Seniors hope early graduation motions are granted |

Seniors hope early graduation motions are granted

Steamboat Springs High School students plan to work, earn money for college

— Thirteen Steamboat Springs High School seniors are expected to receive a motion tonight from the Steamboat Springs School District Board of Education allowing them to graduate at midyear.

“Most of them are trying to earn money for college,” Steamboat Springs High School Principal Dave Schmid said.

Some students also will attend a college or a trade school next semester or have landed a job in the field they want to pursue.

Early graduating senior Lindsay Dettwiler said she is staying in town and working to save money for college, most likely for Colorado State University.

“I’m looking forward for a little break before I start all over again,” she said.

Dettwiler has worked at the restaurant L’apogee for four months and plans to stay at the job until school begins next fall. She also will do a little snowboarding with her extra time.

She said most of her friends are older, so losing the social connection at school isn’t a major issue.

“I have a few friends I’ll be missing,” she said of some of her high school buddies.

Steamboat Springs High School’s career and college counselor, Gayle Dudley, said like Dettwiler, most of the students who graduate early have older friends and don’t have concrete social connections at the school. All of the early graduates also are looking at their futures a little more closely than most other students.

“They seem to know more about where they want to go,” she said.

The school also helps the teen-agers with their decisions about graduation and the future, Dudley added.

The seniors with enough credit to graduate at midterm are identified in September. From there, the ones who want to receive their diploma early write an essay explaining what they plan to do if they are allowed to graduate in January. After the teachers and administrators examine the essays, the students endure a half-hour interview with principals, the superintendent of schools and counselors to discuss if early graduation is appropriate.

If satisfied with the students’ foresights, the students are recommended for a motion from the school board to allow the students to receive their diplomas early.

School board member Paul Fisher said the process is a good one.
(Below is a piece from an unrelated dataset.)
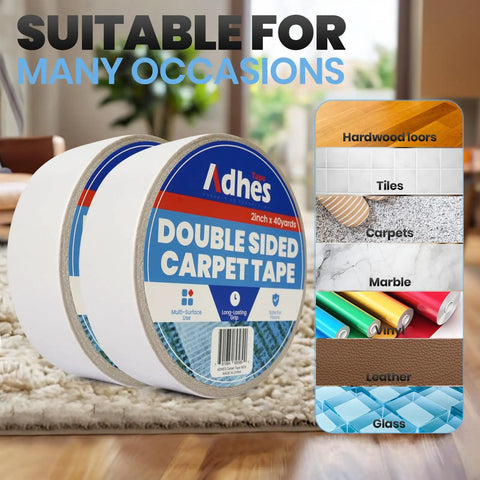 Double Sided Rug Tape For Area Rugs Heavy Duty Adhesive That Grips Hardwood Tile And Carpet Residue Free Easy To Apply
The students who really want to graduate early have thought about their future, are taking advantage of the district’s counselors and are headed in a positive direction toward some sort of secondary education or training.

“By the time they get to us, it’s pretty much a done deal,” he said.

Thirteen is a high number for midterm graduates last year there were six. Dudley said she suspects it’s a reflection of the 2002 senior class.

“The senior class is different than what we’ve seen in the past,” she said.

They are good students and good kids, but the class doesn’t have the connection to the school and school-related activities that previous classes had, she said.

However, the high number also reflects the high percent of Steamboat Springs High School graduates who move on to higher education or training. Out of the 140 seniors this year, 80 already are looking into postsecondary education and training options, Dudley said.

That’s good news, Dudley added, because roughly 80 percent of jobs in the work force today require some form training after high school.

The Steamboat Springs School Board meets at 6:30 p.m. today in the George P. Sauer Human Service Center boardroom.